The “park marauders,” the “roving gang,” the “crazed misfits” were fourteen, fifteen, and sixteen years old. The confessions they gave, as children, had been false, spun out under the pressure of hours of police interrogations. (They were, had anyone been ready to acknowledge it at the time, also inconsistent; they also had parents whom they weren’t able to see before their questioning.) The boys were sent to prison. One of them, Kharey Wise, who at sixteen was the oldest and sentenced as an adult, was still there when, eleven years after the rape in the park, he happened to cross paths with a prisoner named Matias Reyes. It occurred to Reyes that it was his fault that Wise was there. He confessed that he, and he alone, had raped and beaten Meili, as he had raped other women over the years. He described to police how he had tied her with her clothes; it had been part of his M.O. in other cases, something that gave credibility to his confession. It moved beyond a doubt when a DNA test matched Reyes to the semen found on Meili’s body. The DNA hadn’t matched any of the teen-agers—one of the many details that got blinked over in the trial. They were exonerated twelve years ago, and the charges were formally dropped.
The Central Park Five sued the city for their wrongful prosecution and received a $40 million settlement in 2014, $1 million for every year of their lives wrongfully spent behind bars. Shortly after the news of the settlement broke, Trump published an op-ed in the New York Daily News calling it “a disgrace.”
Forty million dollars is a lot of money for the taxpayers of New York to pay when we are already the highest taxed city and state in the country. The recipients must be laughing out loud at the stupidity of the city.
Speak to the detectives on the case and try listening to the facts.
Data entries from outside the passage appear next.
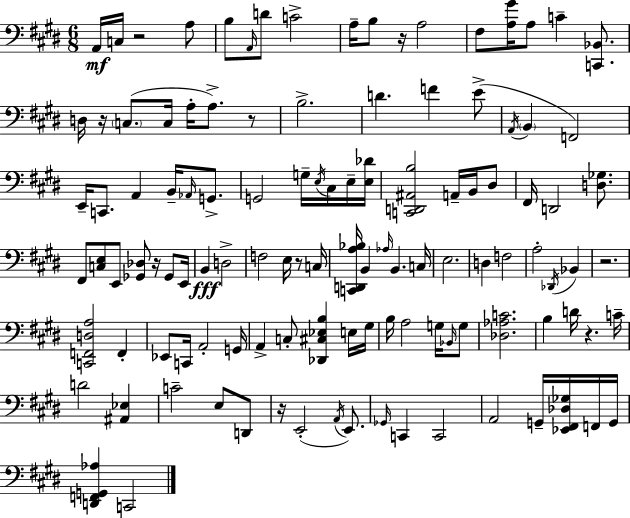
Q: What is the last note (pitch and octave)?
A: C2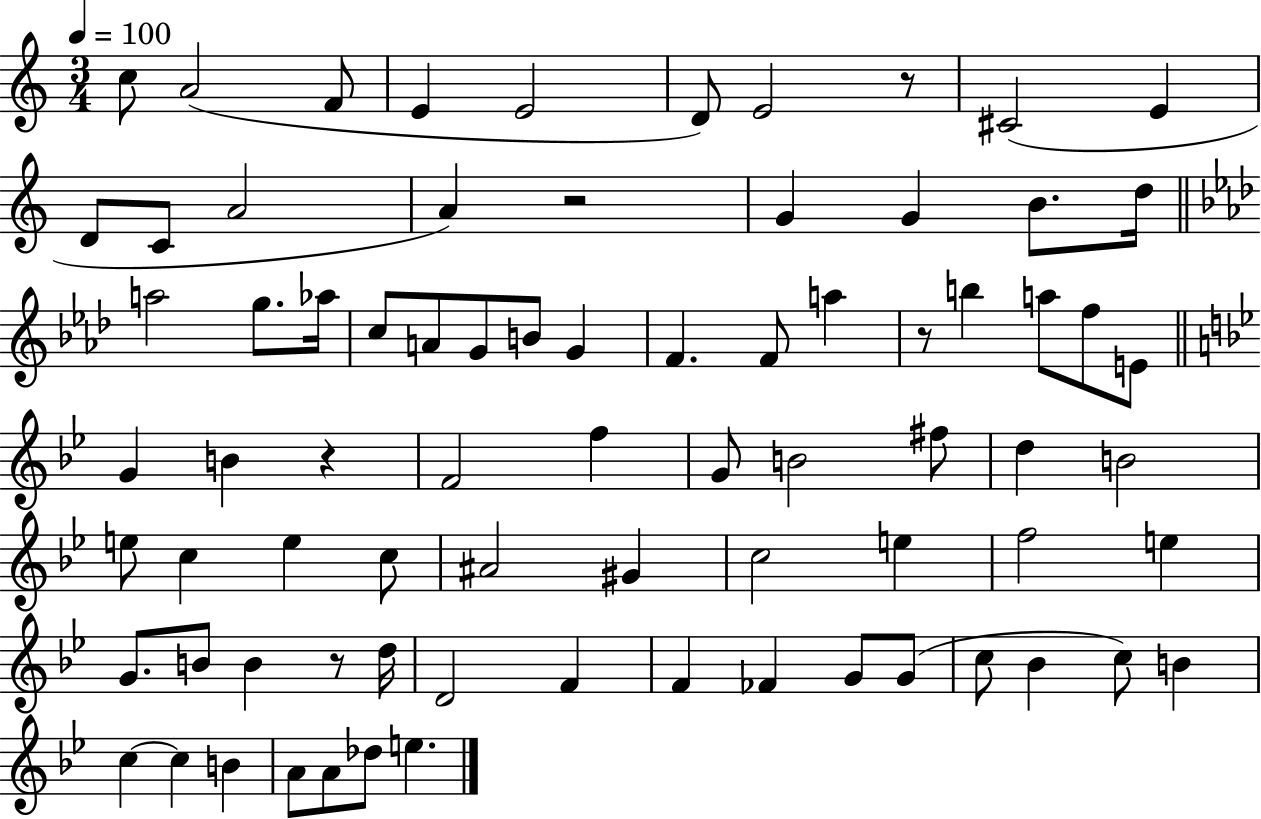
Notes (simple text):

C5/e A4/h F4/e E4/q E4/h D4/e E4/h R/e C#4/h E4/q D4/e C4/e A4/h A4/q R/h G4/q G4/q B4/e. D5/s A5/h G5/e. Ab5/s C5/e A4/e G4/e B4/e G4/q F4/q. F4/e A5/q R/e B5/q A5/e F5/e E4/e G4/q B4/q R/q F4/h F5/q G4/e B4/h F#5/e D5/q B4/h E5/e C5/q E5/q C5/e A#4/h G#4/q C5/h E5/q F5/h E5/q G4/e. B4/e B4/q R/e D5/s D4/h F4/q F4/q FES4/q G4/e G4/e C5/e Bb4/q C5/e B4/q C5/q C5/q B4/q A4/e A4/e Db5/e E5/q.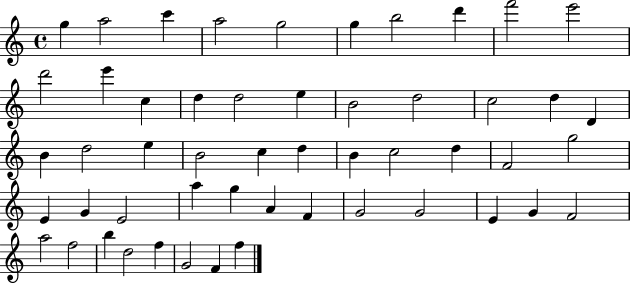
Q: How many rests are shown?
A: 0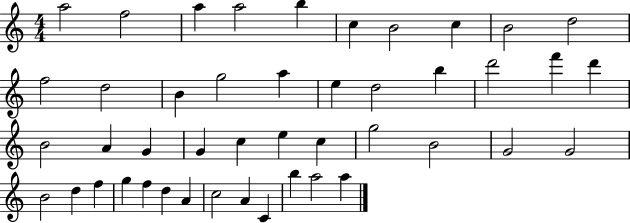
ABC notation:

X:1
T:Untitled
M:4/4
L:1/4
K:C
a2 f2 a a2 b c B2 c B2 d2 f2 d2 B g2 a e d2 b d'2 f' d' B2 A G G c e c g2 B2 G2 G2 B2 d f g f d A c2 A C b a2 a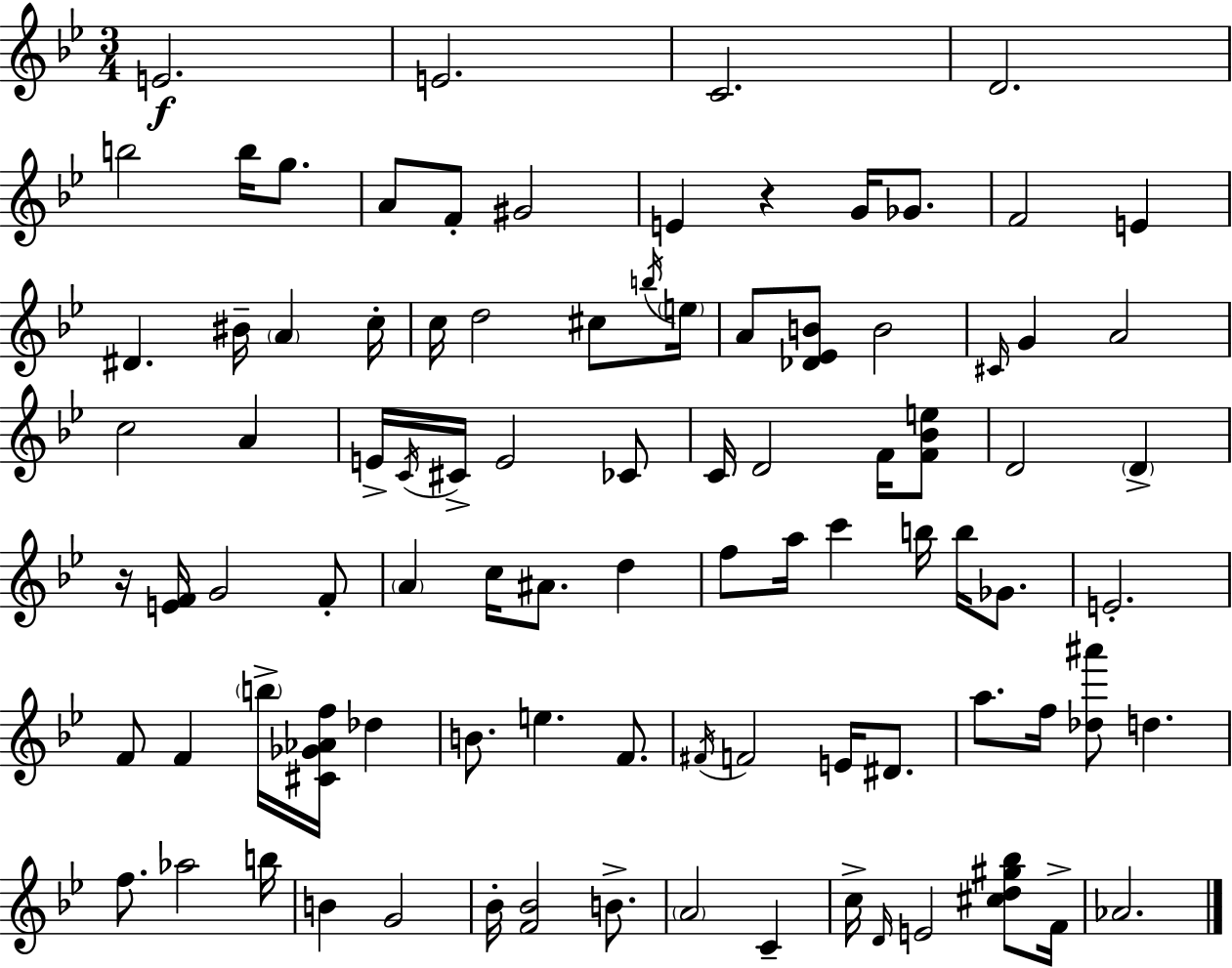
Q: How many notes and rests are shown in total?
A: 91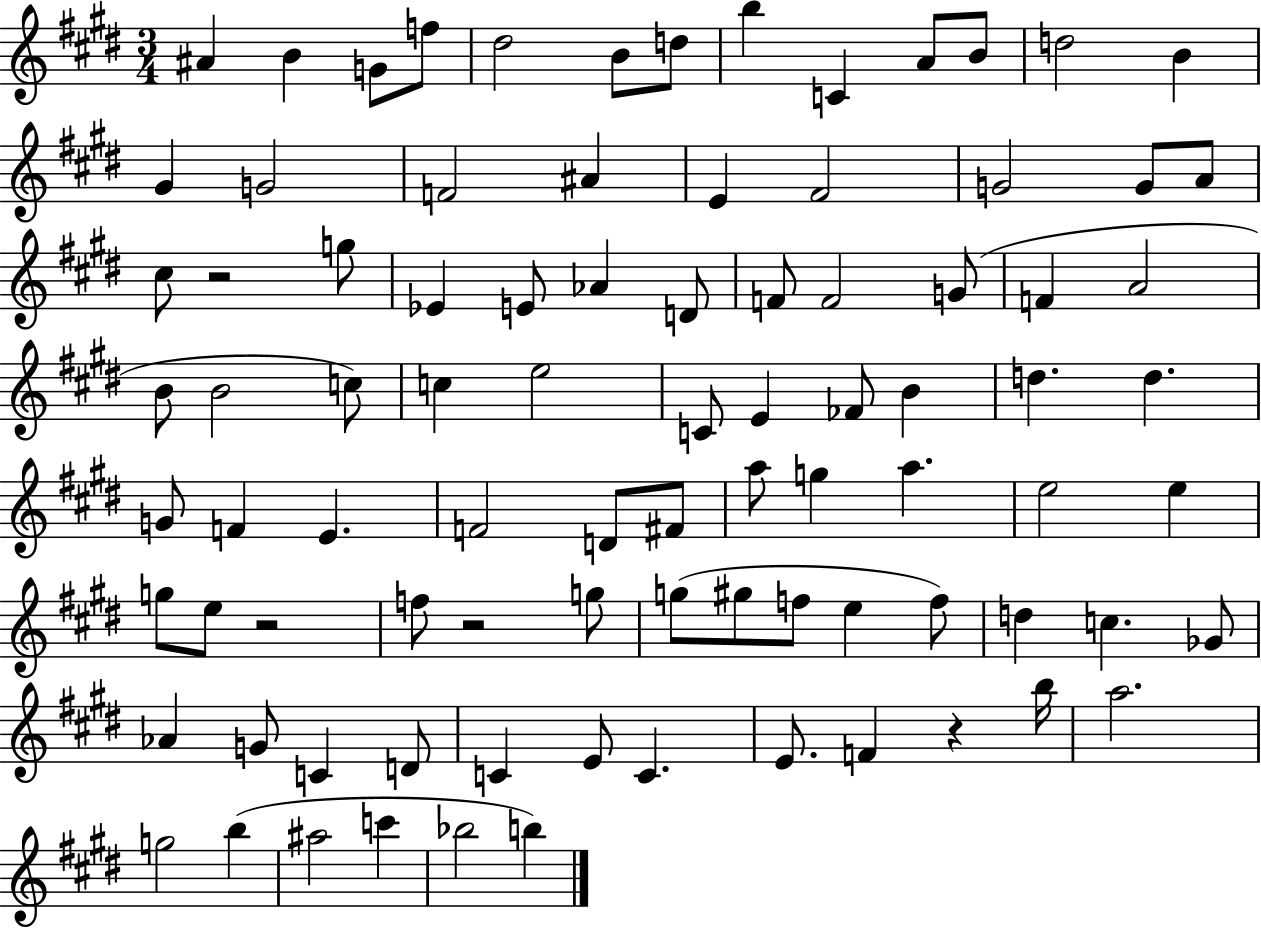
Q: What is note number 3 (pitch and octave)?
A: G4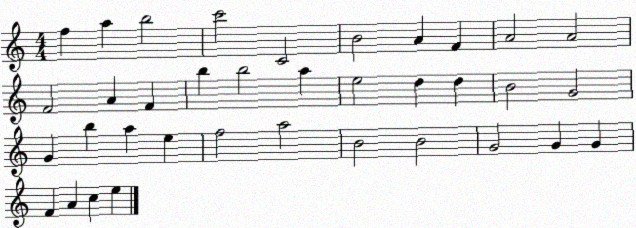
X:1
T:Untitled
M:4/4
L:1/4
K:C
f a b2 c'2 C2 B2 A F A2 A2 F2 A F b b2 a e2 d d B2 G2 G b a e f2 a2 B2 B2 G2 G G F A c e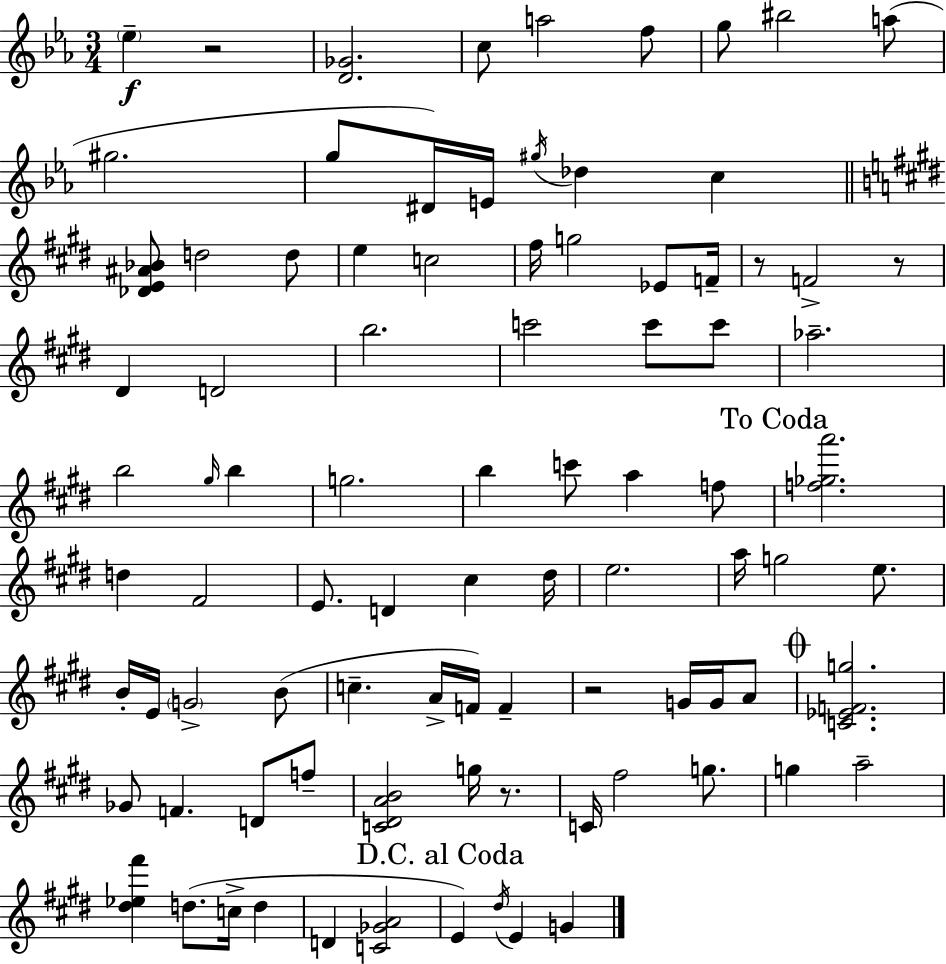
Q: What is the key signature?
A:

These young men do not exactly have the pasts of angels.
Trump was far from the only New Yorker who rushed to condemn the Central Park Five in the heated summer of 1989. And, as a real-estate businessman and private citizen, he was free to propose any number of unconstitutional solutions to complex social issues.
But on the campaign trail, presidential candidates make proposals with the implication that those policies can actually be carried out. Political reality might intrude on pledges like Obama’s first-term promise to close Guantanamo Bay. But that pledge itself doesn’t violate the Constitution. Ordering executions by executive decree is a campaign promise Trump can’t lawfully fulfill.